__Problem description__
The material below holds pictures, which are to be left out; copy exactly the lines from the one with "NUK BIB R&B PP300MLROSE SI0-6M" through the one with "Kids' T-shirt Light Aqua 128".

*** Task inputs ***

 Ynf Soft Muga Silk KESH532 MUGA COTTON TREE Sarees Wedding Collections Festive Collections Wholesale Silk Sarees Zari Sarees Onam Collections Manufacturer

*** End of Task inputs ***
*** Task inputs ***

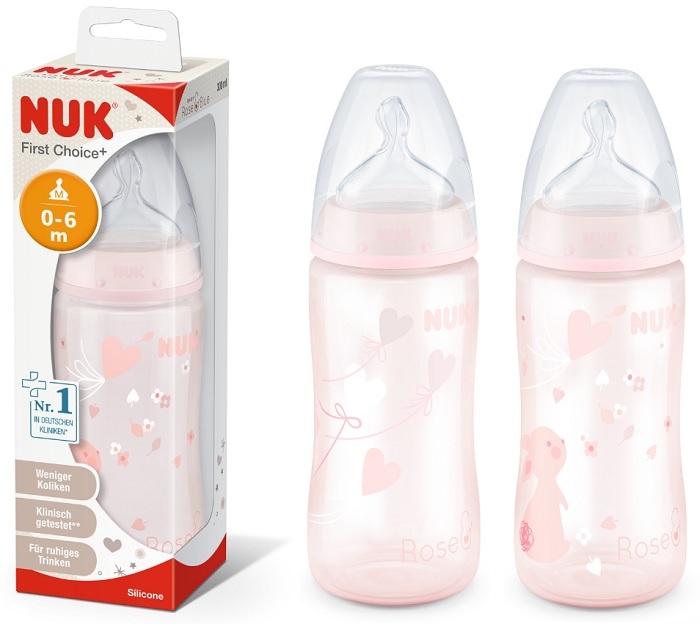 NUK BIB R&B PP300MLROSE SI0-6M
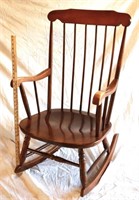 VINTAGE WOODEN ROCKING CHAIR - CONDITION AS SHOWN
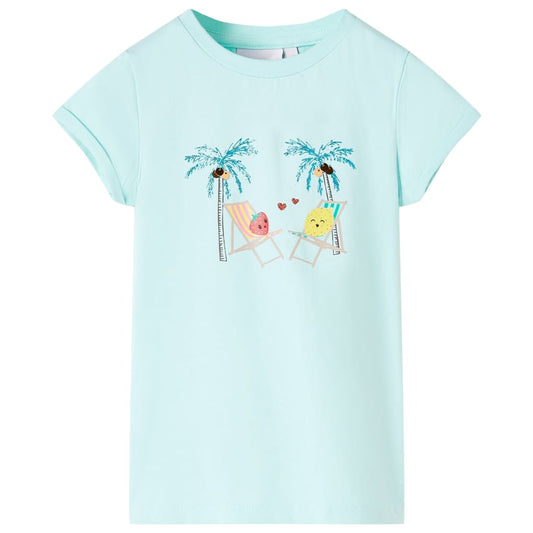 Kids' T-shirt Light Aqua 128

*** End of Task inputs ***

__Written solution__
 NUK BIB R&B PP300MLROSE SI0-6M
 VINTAGE WOODEN ROCKING CHAIR - CONDITION AS SHOWN
 Kids' T-shirt Light Aqua 128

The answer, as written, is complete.